*Problem requirements*: Please output the line containing "Calligraphy Doughnut Bar" and all lines that follow it in the data below, exactly, with no pictures.

*Captioned web images*:
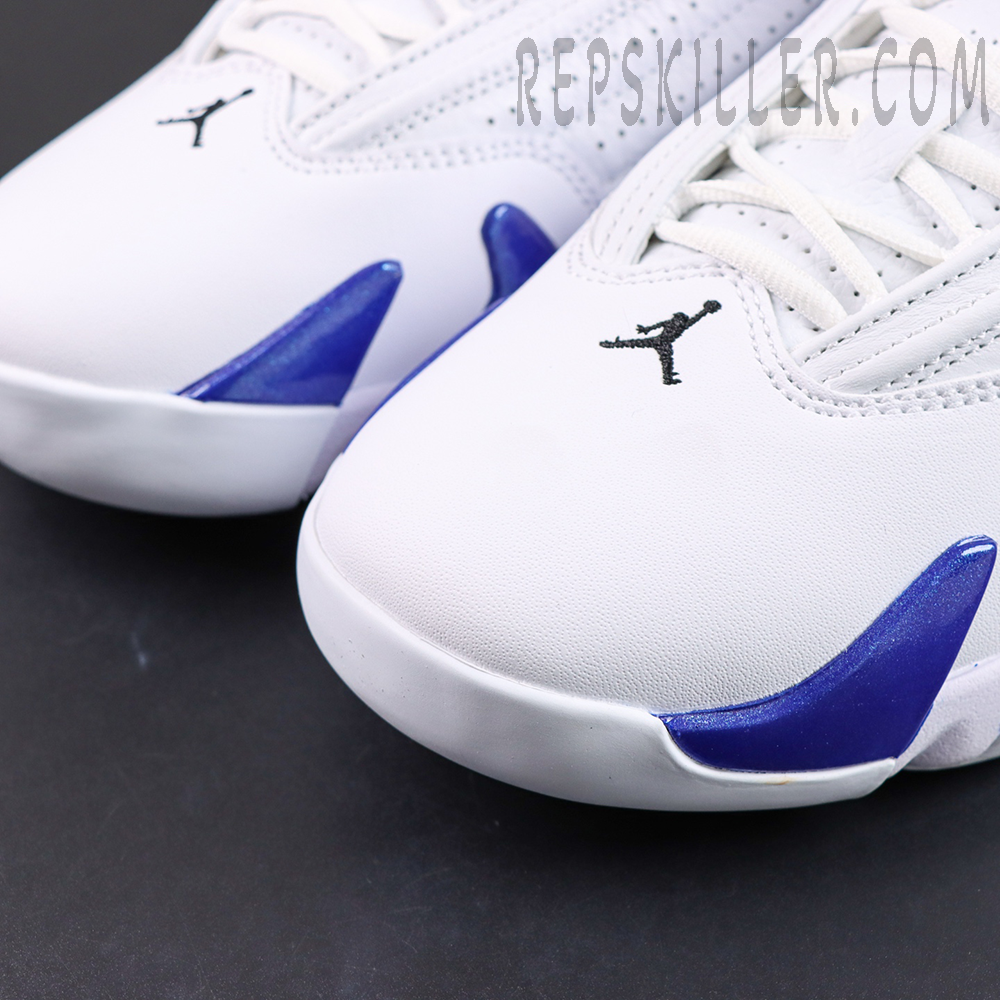 Air Jordan 14 Retro “Hyper Royal” toe box close-up featuring white leather with blue overlays and black Jumpman embroidery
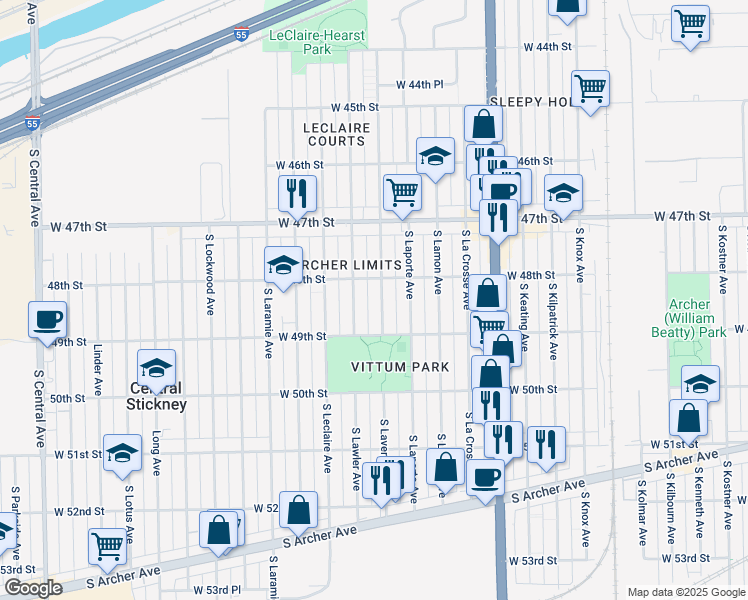 map of restaurants, bars, coffee shops, grocery stores, and more near 4822 South Lavergne Avenue in Chicago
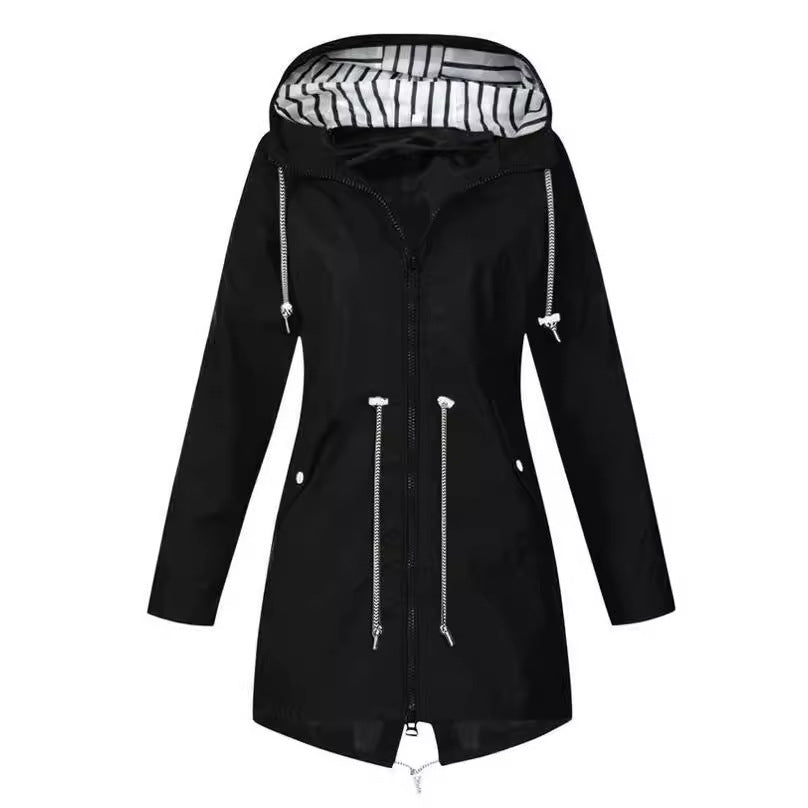 Damen nan taillierte Parka-Jacke mit Kapuze, Kordelzugbund und verdecktem Reißverschluss Echo Archiv
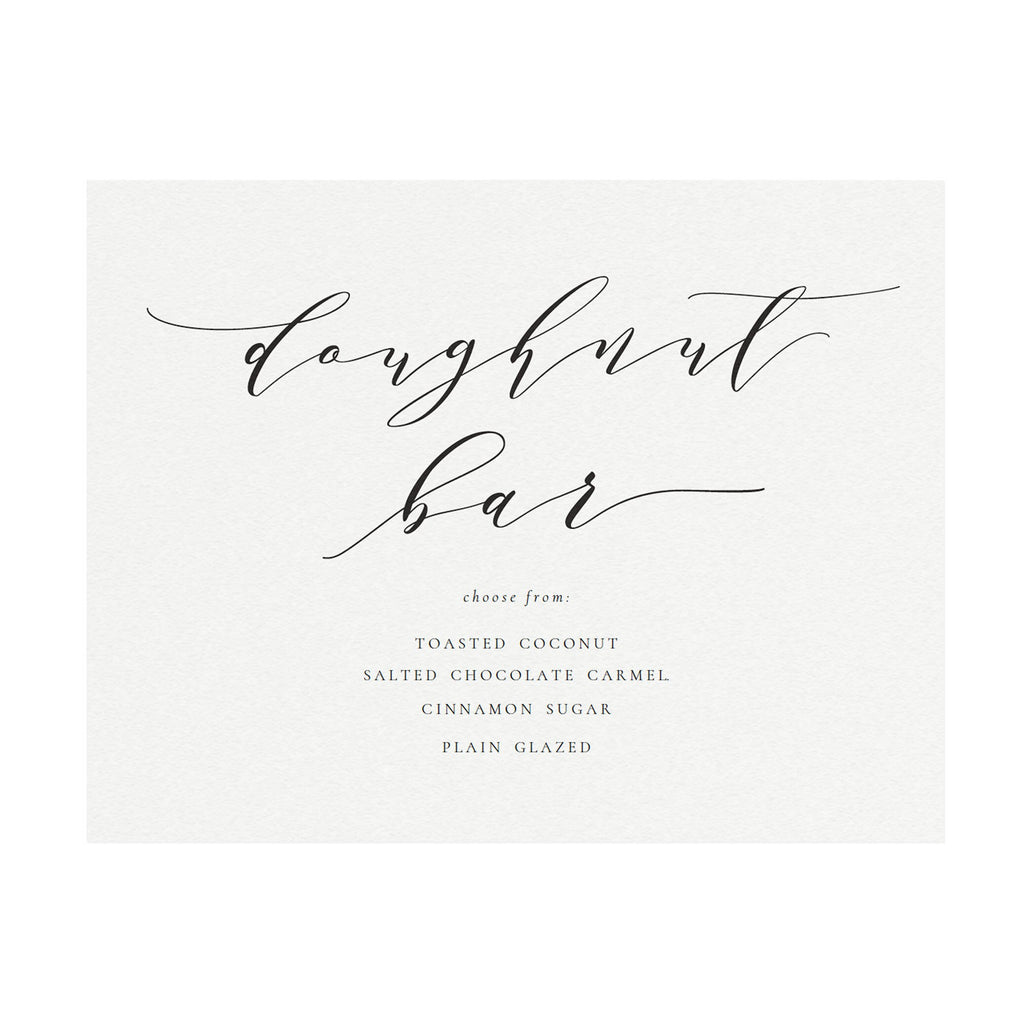 Calligraphy Doughnut Bar Sign: Printable Wedding Menu (PDF Instant Download)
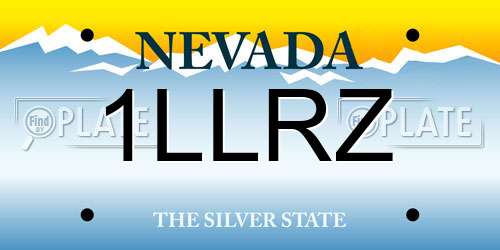 1LLRZ Nevada License Plate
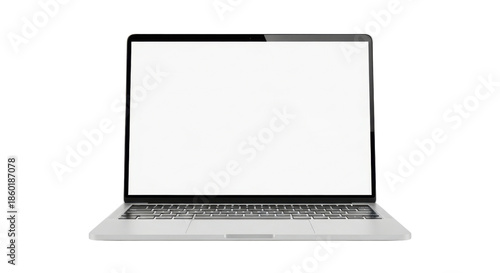 Silver laptop computer with blank white screen on black background technology device, Isolated On Png Transparent Background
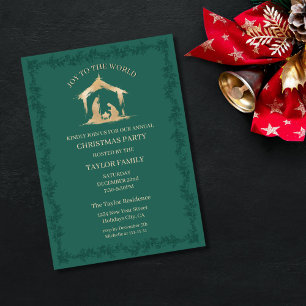 Cartes Pour Fêtes Annuelles Dîner de Noël Fête de la Nativité Religieuse Scène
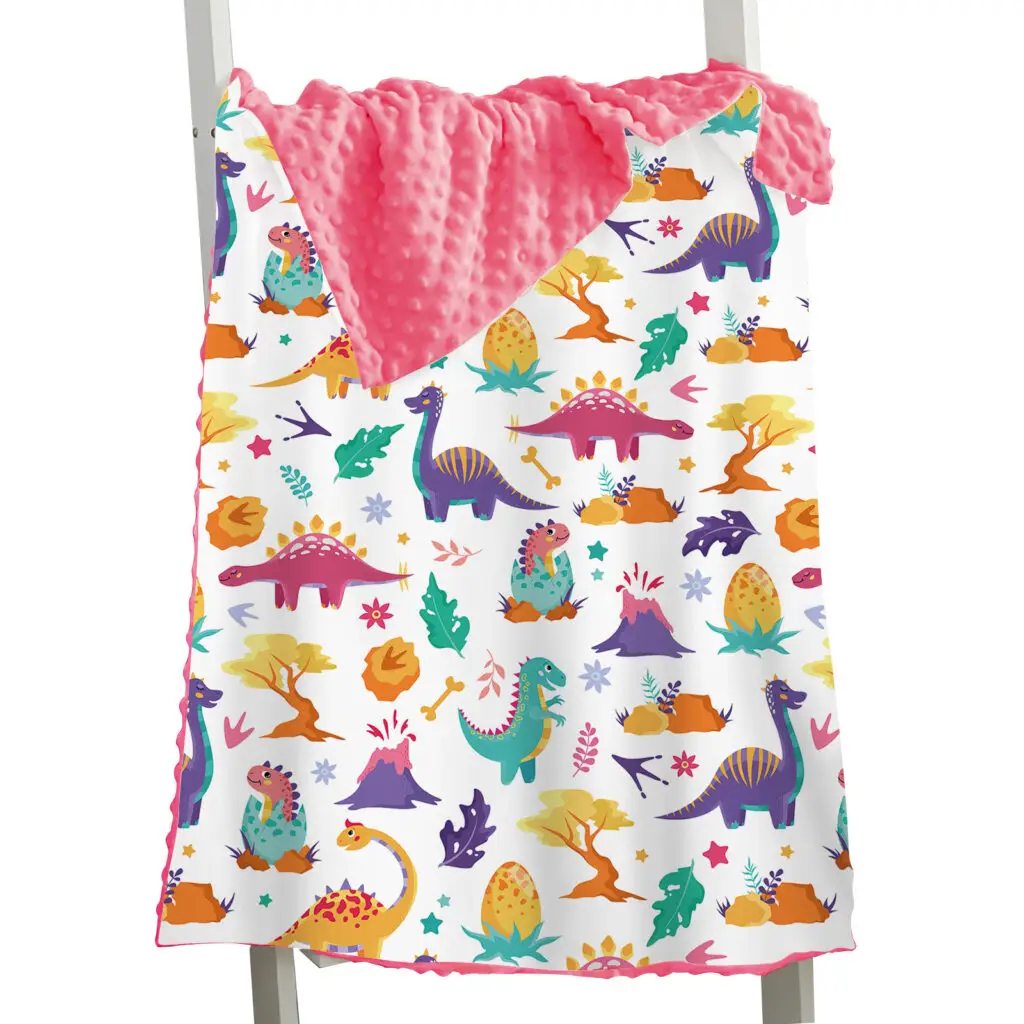 Dinosaur Toddler Baby Minky Blanket 21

*Written answer*:
 Calligraphy Doughnut Bar Sign: Printable Wedding Menu (PDF Instant Download)
 1LLRZ Nevada License Plate
 Silver laptop computer with blank white screen on black background technology device, Isolated On Png Transparent Background
 Cartes Pour Fêtes Annuelles Dîner de Noël Fête de la Nativité Religieuse Scène
 Dinosaur Toddler Baby Minky Blanket 21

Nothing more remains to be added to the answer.